The problem
Write out each entry below exactly. Do not include the images.

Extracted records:

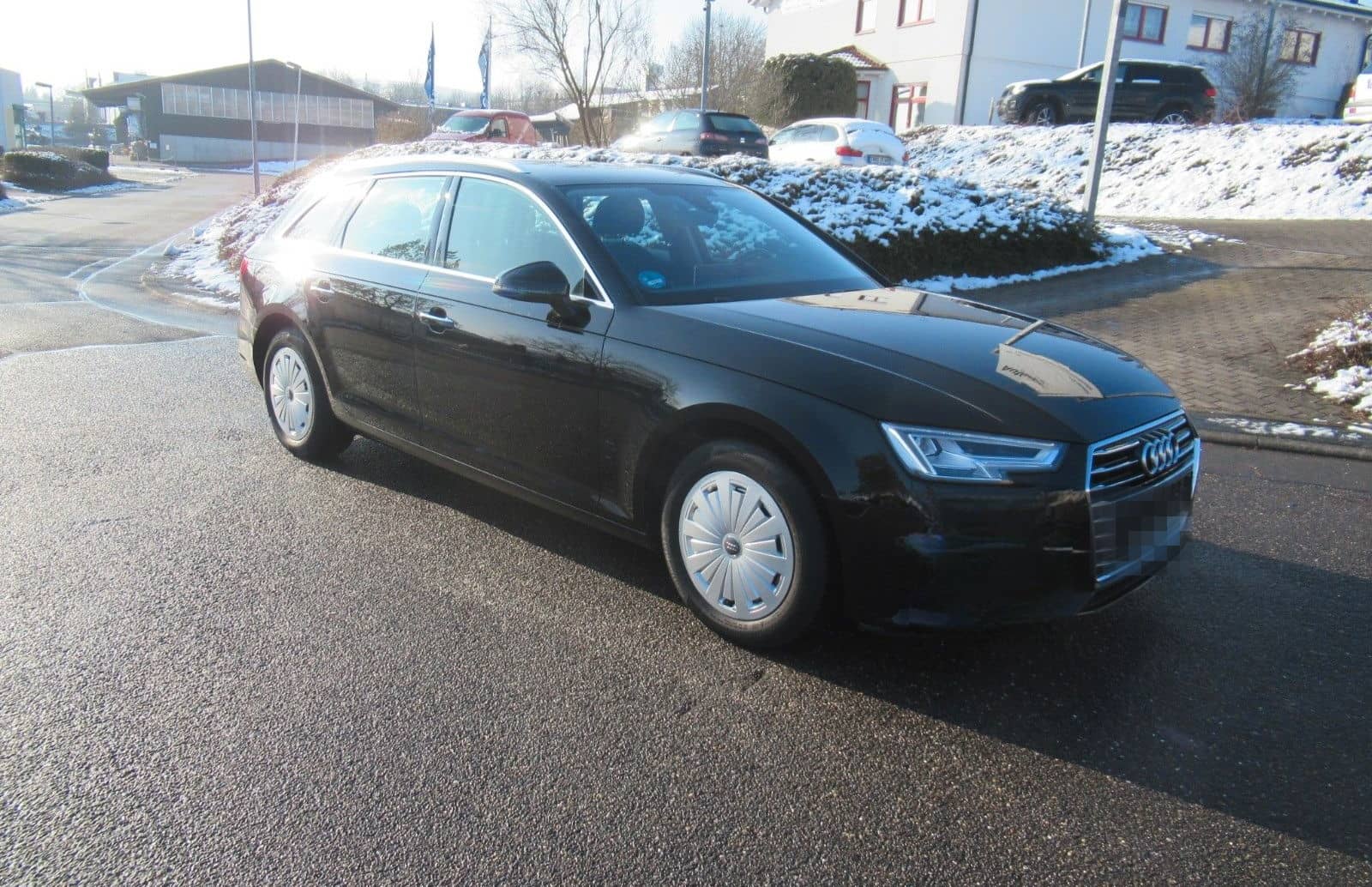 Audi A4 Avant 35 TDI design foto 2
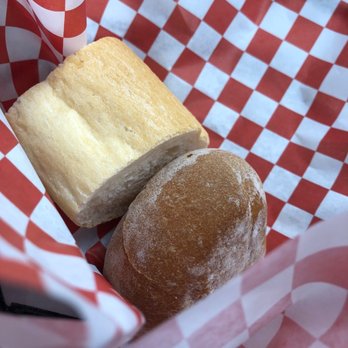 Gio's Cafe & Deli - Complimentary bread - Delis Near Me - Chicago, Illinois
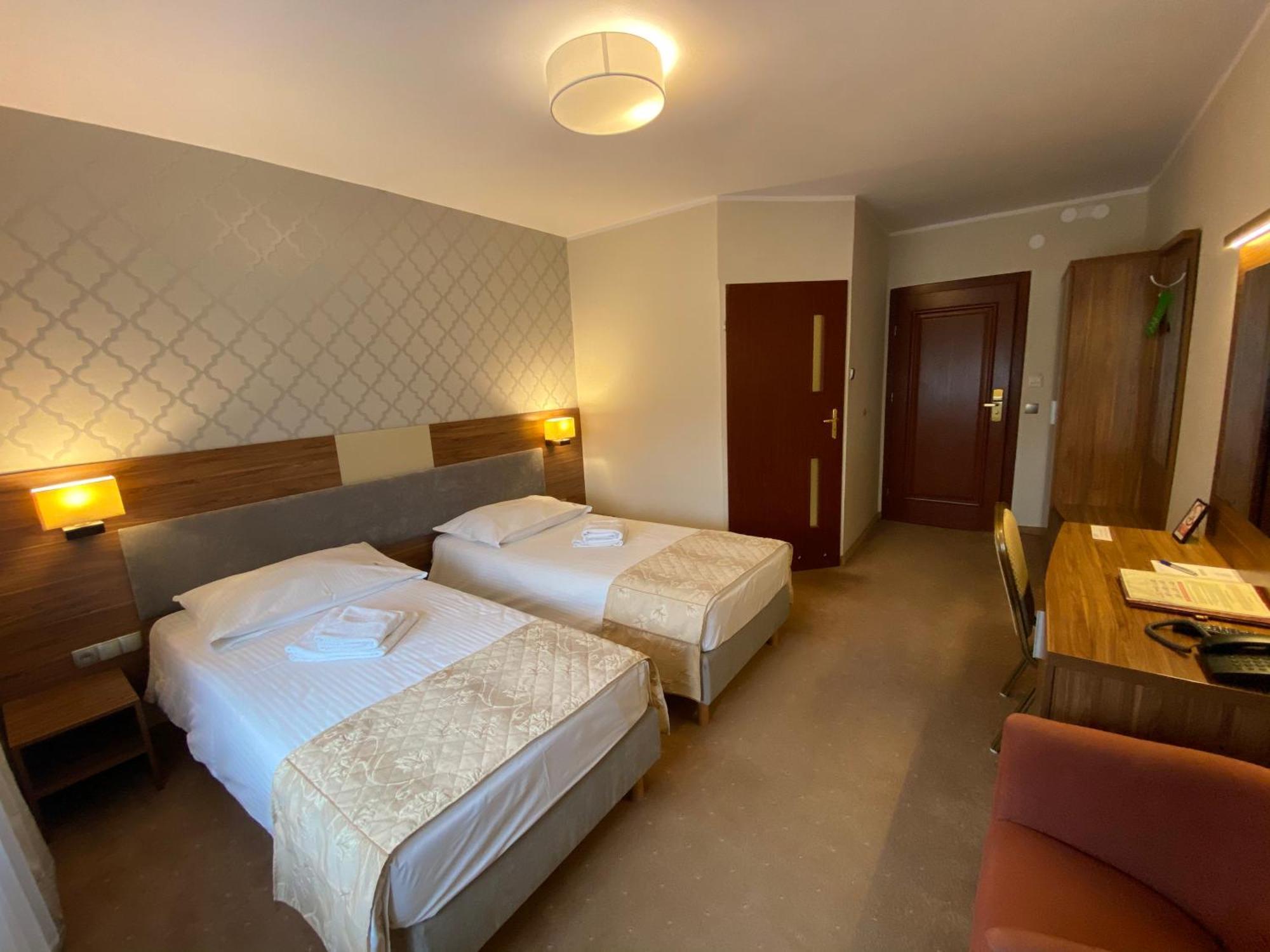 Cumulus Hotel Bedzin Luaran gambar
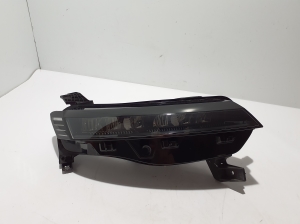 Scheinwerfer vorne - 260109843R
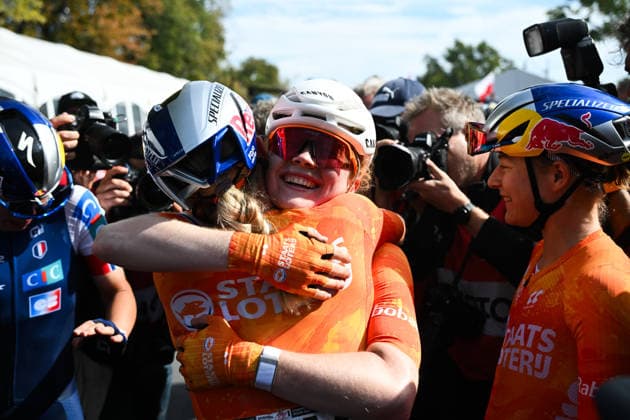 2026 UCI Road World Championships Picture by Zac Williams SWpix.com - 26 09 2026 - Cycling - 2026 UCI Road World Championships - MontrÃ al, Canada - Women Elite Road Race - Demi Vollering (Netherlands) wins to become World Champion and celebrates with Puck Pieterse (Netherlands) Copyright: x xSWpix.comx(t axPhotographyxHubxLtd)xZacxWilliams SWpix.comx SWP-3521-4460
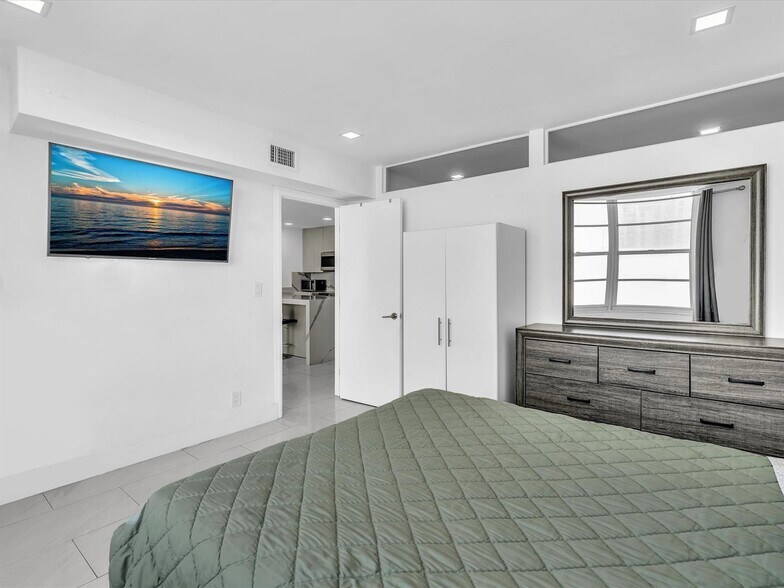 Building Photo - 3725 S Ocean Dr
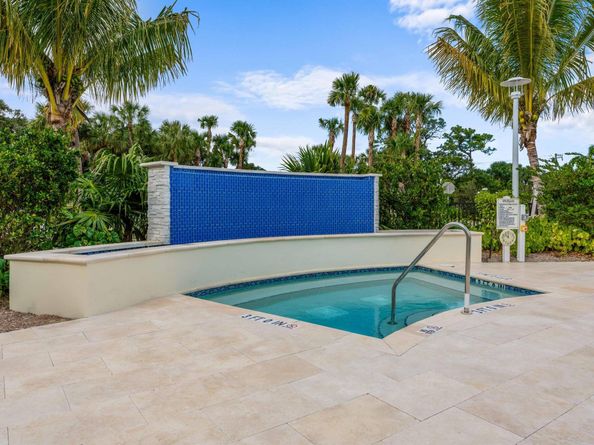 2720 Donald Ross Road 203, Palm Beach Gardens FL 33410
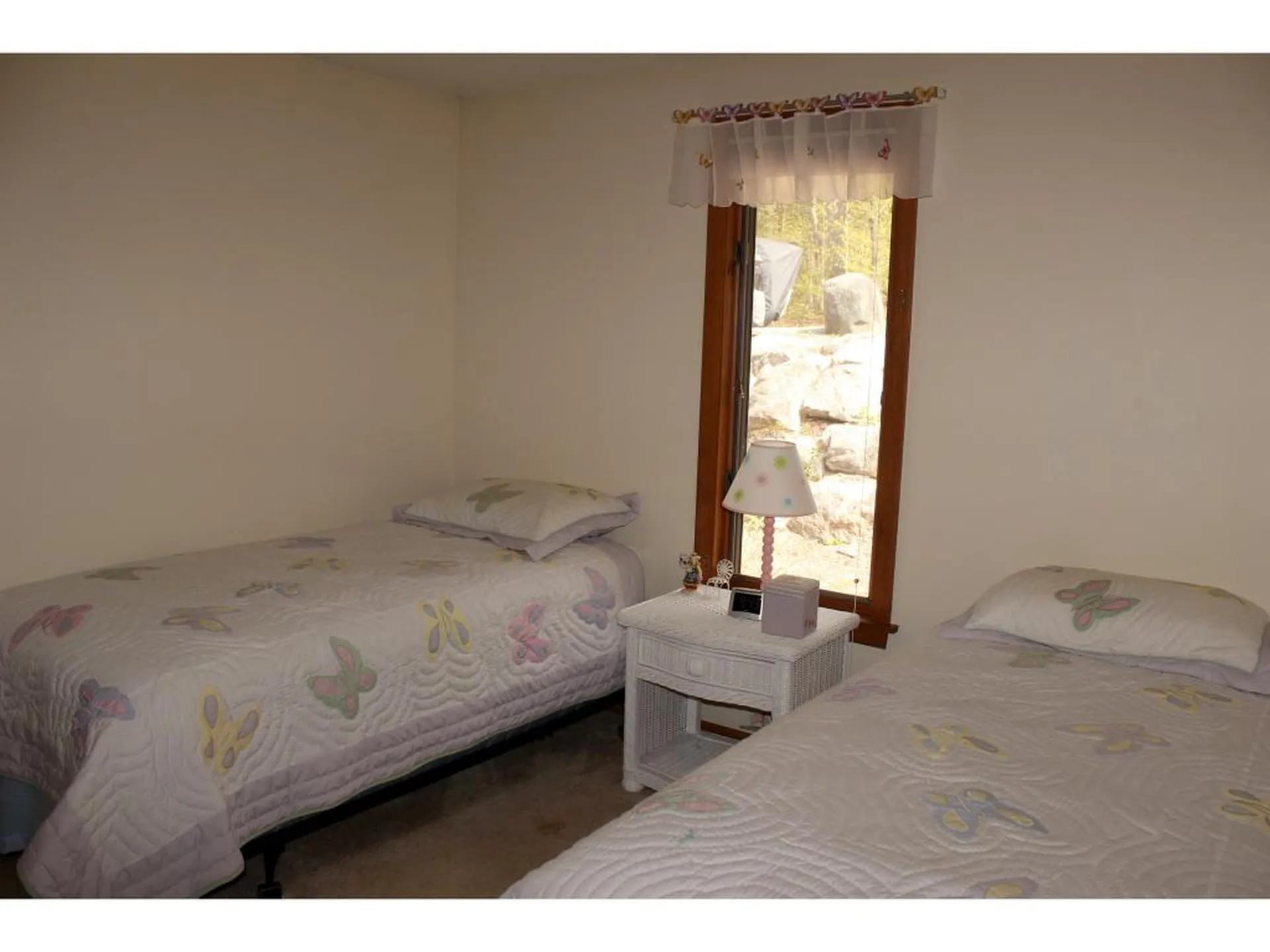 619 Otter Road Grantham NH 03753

Expected answer
 Audi A4 Avant 35 TDI design foto 2
 Gio's Cafe & Deli - Complimentary bread - Delis Near Me - Chicago, Illinois
 Cumulus Hotel Bedzin Luaran gambar
 Scheinwerfer vorne - 260109843R
 2026 UCI Road World Championships Picture by Zac Williams SWpix.com - 26 09 2026 - Cycling - 2026 UCI Road World Championships - MontrÃ al, Canada - Women Elite Road Race - Demi Vollering (Netherlands) wins to become World Champion and celebrates with Puck Pieterse (Netherlands) Copyright: x xSWpix.comx(t axPhotographyxHubxLtd)xZacxWilliams SWpix.comx SWP-3521-4460
 Building Photo - 3725 S Ocean Dr
 2720 Donald Ross Road 203, Palm Beach Gardens FL 33410
 619 Otter Road Grantham NH 03753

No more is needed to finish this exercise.